Under Service-Dominant (S-D) logic, a service is defined as the application of competences (skills and knowledge) for the benefit of customers [Vargo & Lusch, 2008], and manifests within the context of use by customers, where the value-in-use is realised. S-D logic focuses on the interaction between the firm and the customer, rather than on the transfer of goods, as servicing customer needs is the purpose for seeking a market exchange [Vargo 2008].
The fulfilment of these customer needs occurs in the unique context of his or her own life, which naturally affects the value-in-use, enhancing or disrupting their value co-creation with the firm's offering.

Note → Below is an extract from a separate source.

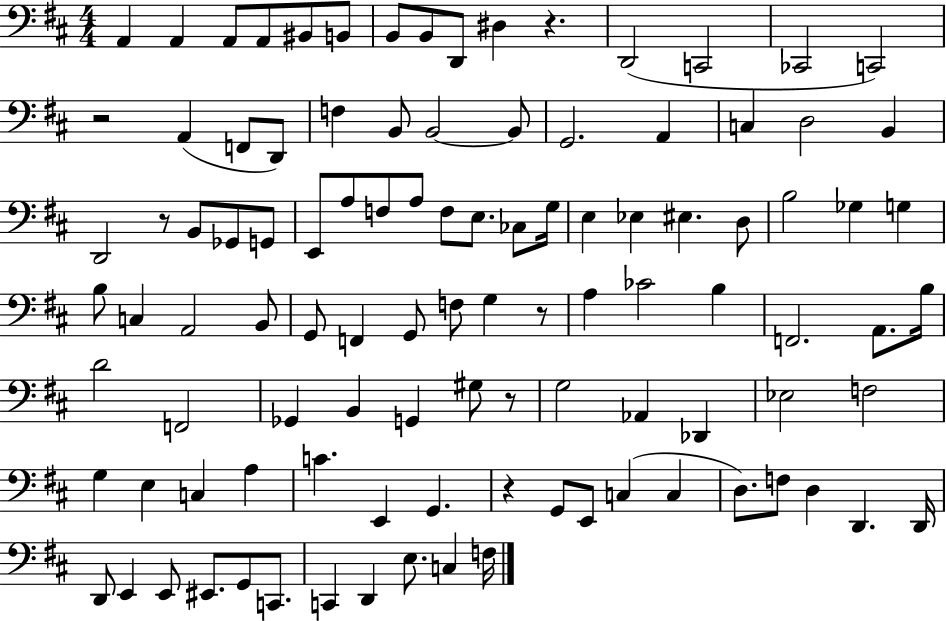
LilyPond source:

Therefore, market exchanges are more generally concerned with solutions and phenomenological events (contextual use) rather than ownership [Lusch, Vargo and Wessels, 2008]. Put simply, context is concerned with when actions occur, i.e. verbs rather than nouns.
This provides the basis of a framework in which to understand and explain context with the aim of being able to identify contextual invariances, ie when multiple individuals have the same contexts (a cluster of contexts) for value co-creation. However, to appreciate the significance of a contextual invariance, one must consider their potential for greater value co-creation from when variety can be attenuated.
Vargo, S. L. and Lusch, R.F. (2008) Service-Dominant Logic: Continuing the Evolution, Journal of the Academy of Marketing Science (36:1), pp. 1-10.